■ Provided material
────────

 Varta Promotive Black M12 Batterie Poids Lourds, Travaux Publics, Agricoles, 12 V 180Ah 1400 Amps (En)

────────

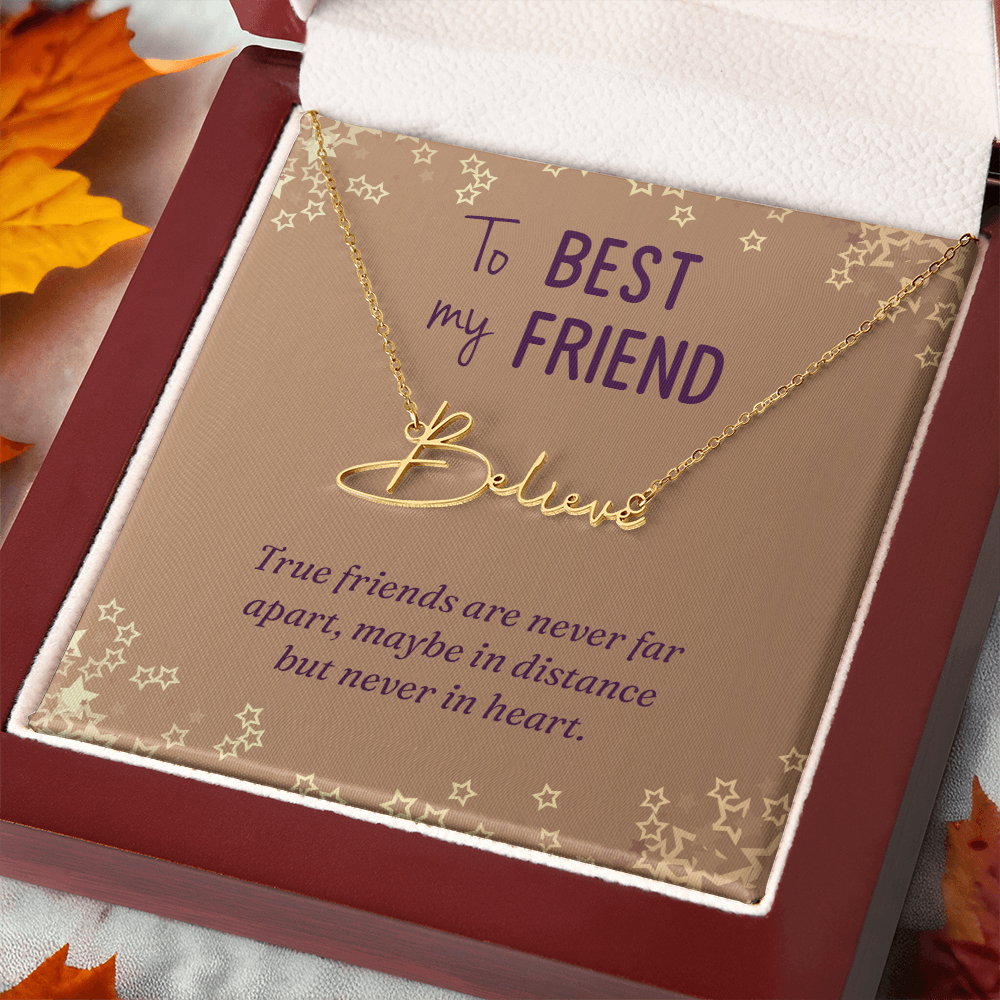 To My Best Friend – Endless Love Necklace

────────

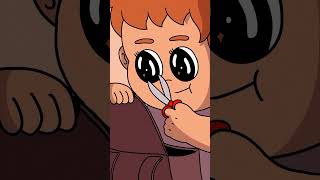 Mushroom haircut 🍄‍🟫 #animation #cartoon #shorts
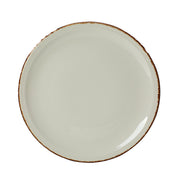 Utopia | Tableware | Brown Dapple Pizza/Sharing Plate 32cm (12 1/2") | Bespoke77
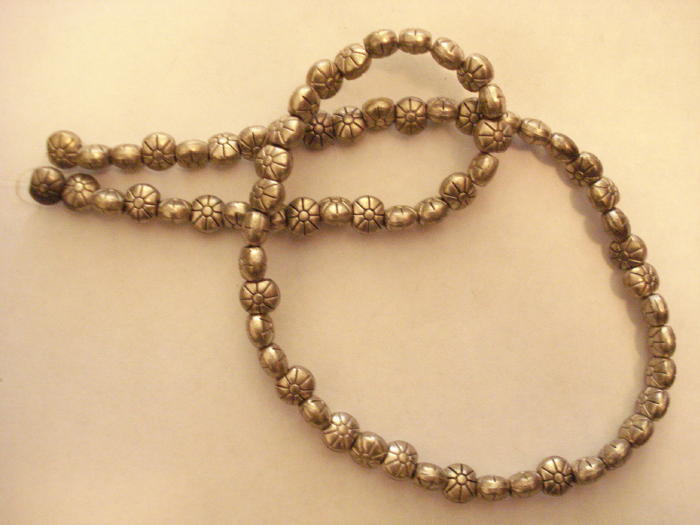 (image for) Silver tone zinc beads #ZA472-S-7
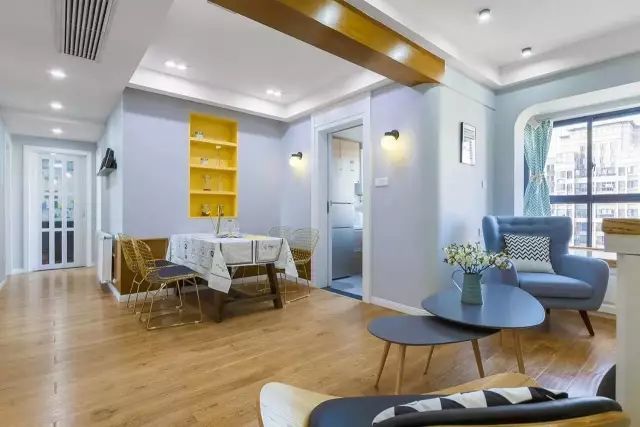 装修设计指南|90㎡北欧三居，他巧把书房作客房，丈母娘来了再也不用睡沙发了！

────────

■ Aim of the exercise
Leave out every picture, and copy exactly the lines above starting at the one holding "Mushroom haircut 🍄‍🟫" and ending at the one holding "装修设计指南|90㎡北欧三居，他巧把书房作客房，丈母娘来了再也不用睡沙发了！", no more and no less.

■ The answer
 Mushroom haircut 🍄‍🟫 #animation #cartoon #shorts
 Utopia | Tableware | Brown Dapple Pizza/Sharing Plate 32cm (12 1/2") | Bespoke77
 (image for) Silver tone zinc beads #ZA472-S-7
 装修设计指南|90㎡北欧三居，他巧把书房作客房，丈母娘来了再也不用睡沙发了！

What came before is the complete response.